Bangladesh's state minister for labour has told just-style an immediate pay hike for garment sector workers is not possible despite employees' demands for a 30% increase.

"At least there should be a gap of three years between two wage reviews," labour minister Begum Monnujan Sufian said. "The last review came into effect in November 2010 raising minimum monthly pay to BDT3,000 [US$36]."

But employee organisations are not ready to give in. "We stick to our demand for a 30% wage hike," Abul Hossain, president of the Textile Garments Workers Federation (TGWF) told just-style, adding wages have "not kept pace with the rising cost of living."

In mid-June, protests by garment workers led to the temporary closure of 300 factories.

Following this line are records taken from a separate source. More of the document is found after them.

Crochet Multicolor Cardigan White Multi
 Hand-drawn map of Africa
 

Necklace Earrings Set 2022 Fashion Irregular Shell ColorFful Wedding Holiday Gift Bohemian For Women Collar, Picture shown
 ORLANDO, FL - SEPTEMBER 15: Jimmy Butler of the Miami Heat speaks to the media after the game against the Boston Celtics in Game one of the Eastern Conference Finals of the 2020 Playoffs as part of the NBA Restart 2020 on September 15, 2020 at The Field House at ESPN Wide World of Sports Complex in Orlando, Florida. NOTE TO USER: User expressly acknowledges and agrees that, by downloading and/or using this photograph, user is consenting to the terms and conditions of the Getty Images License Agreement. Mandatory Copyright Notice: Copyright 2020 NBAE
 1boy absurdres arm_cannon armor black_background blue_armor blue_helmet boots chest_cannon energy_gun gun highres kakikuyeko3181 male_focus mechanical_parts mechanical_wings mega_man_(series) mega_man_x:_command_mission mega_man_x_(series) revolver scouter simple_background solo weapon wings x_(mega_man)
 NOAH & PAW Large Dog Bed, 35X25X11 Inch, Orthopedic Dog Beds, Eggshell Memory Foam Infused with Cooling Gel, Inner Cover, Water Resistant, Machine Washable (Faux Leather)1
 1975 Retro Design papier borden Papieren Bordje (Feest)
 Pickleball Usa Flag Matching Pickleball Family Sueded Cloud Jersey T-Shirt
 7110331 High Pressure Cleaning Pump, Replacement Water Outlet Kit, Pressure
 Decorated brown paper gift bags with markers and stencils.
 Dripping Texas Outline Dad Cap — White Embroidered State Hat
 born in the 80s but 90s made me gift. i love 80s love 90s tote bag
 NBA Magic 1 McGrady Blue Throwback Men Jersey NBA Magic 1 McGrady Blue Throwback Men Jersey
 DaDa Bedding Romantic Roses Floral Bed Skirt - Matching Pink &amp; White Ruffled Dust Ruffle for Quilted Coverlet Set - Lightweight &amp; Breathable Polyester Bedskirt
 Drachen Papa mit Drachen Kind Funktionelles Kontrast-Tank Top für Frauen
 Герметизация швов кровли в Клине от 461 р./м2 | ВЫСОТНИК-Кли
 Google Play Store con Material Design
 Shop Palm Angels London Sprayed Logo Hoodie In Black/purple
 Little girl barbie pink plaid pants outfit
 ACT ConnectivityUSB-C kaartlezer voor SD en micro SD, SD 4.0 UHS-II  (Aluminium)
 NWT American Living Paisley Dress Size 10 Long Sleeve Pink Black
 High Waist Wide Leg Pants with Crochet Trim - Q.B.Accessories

There is no threat of fresh strike action, but global clothing buyers have been raising concerns over Bangladeshi worker unrest.

Last month CEO of Hennes & Mauritz (H&M) Karl-Johan Persson met Bangladesh Prime Minister Sheikh Hasina and urged regular reviews of workers' salaries.

Despite this, garment employees doubt buyers' sympathies.

"We know that more than 80% of the share in the profit from the RMG [ready-made garment] is consumed by foreign brands. Less than 20% out of total profit are consumed by the local manufacturers," the TGWF said in a recent statement, calling for a proportionate distribution of profits.